▶ [YOUR TASK]: Without the images, output every record exactly as it appears.

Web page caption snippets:
== Segment start ==
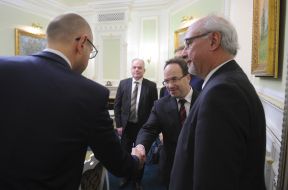 Arseniy Yatsenyuk 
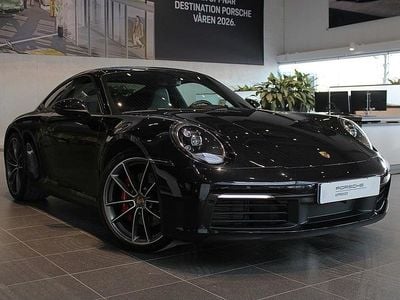 Begagnad Porsche 911 Carrera 4S 450 HK (330 kW) 2019 Svart (jet black metallic) Sportkupé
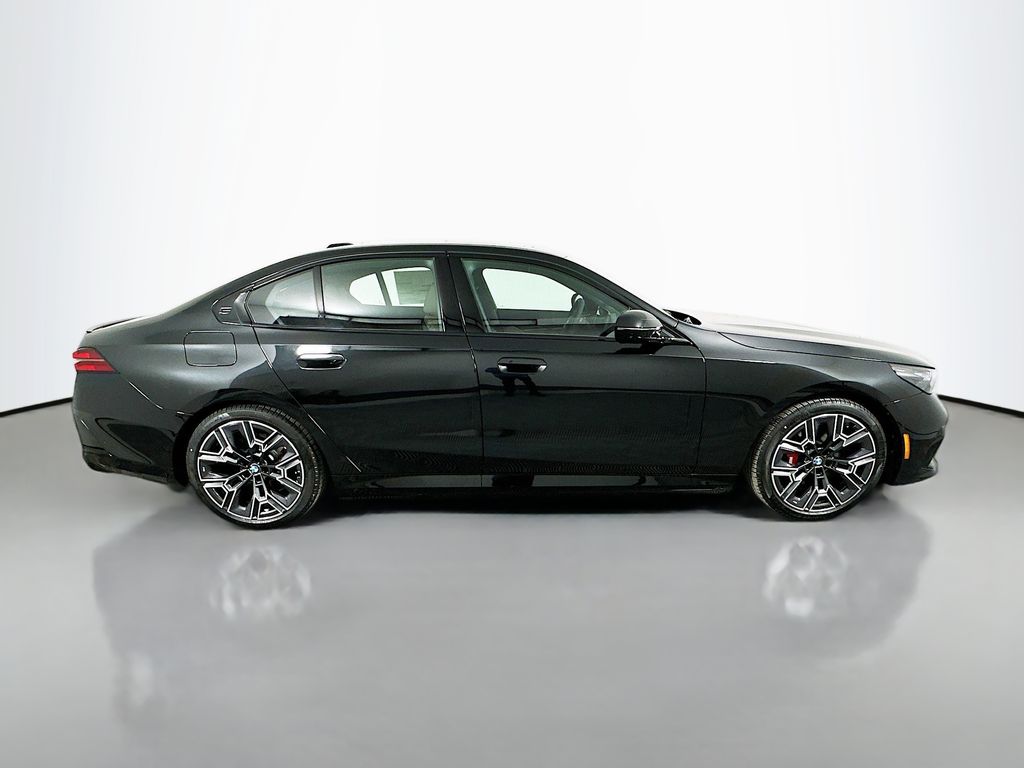 Thumbnail: 2026 BMW i5 - 4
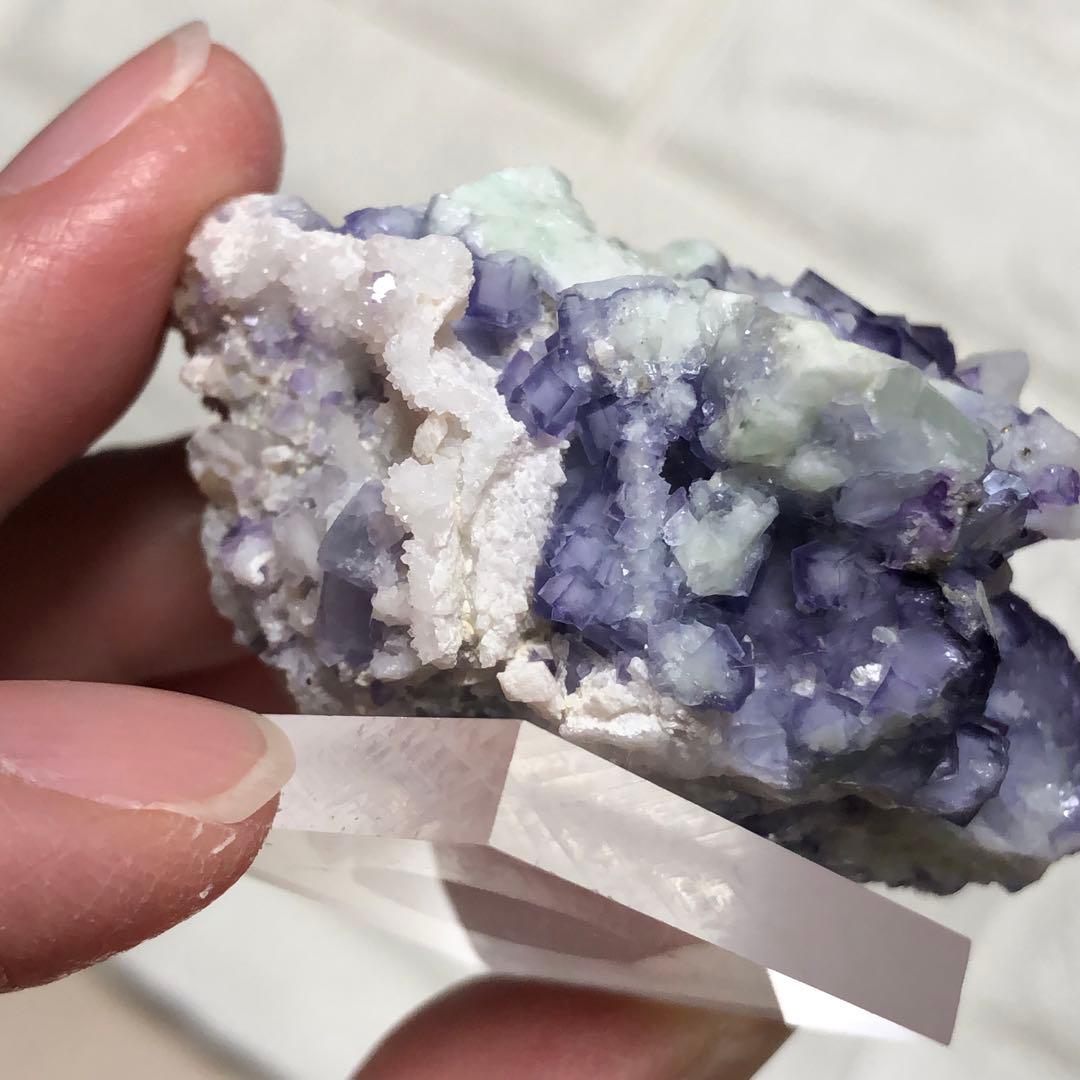 B060】ポーセリンフローライト Aタイプ ヤオガンシャン 鉱物標本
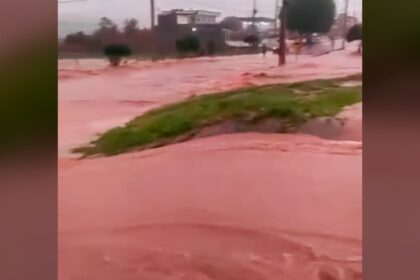 Barragem transborda e agua atinge casas no norte de minas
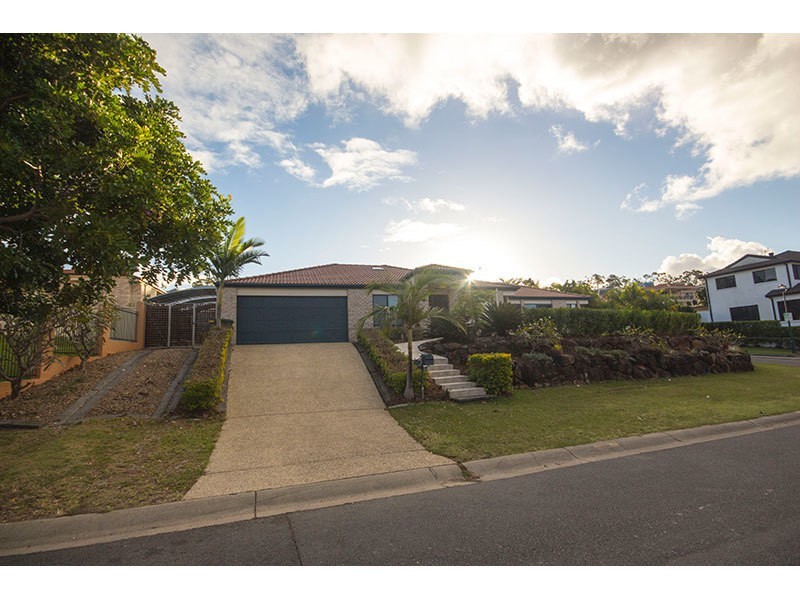 4 Ballah Crescent, Highland Park QLD 4211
== Segment end ==
▶ [SOLUTION TO THIS EXERCISE]:
 Arseniy Yatsenyuk 
 Begagnad Porsche 911 Carrera 4S 450 HK (330 kW) 2019 Svart (jet black metallic) Sportkupé
 Thumbnail: 2026 BMW i5 - 4
 B060】ポーセリンフローライト Aタイプ ヤオガンシャン 鉱物標本
 Barragem transborda e agua atinge casas no norte de minas
 4 Ballah Crescent, Highland Park QLD 4211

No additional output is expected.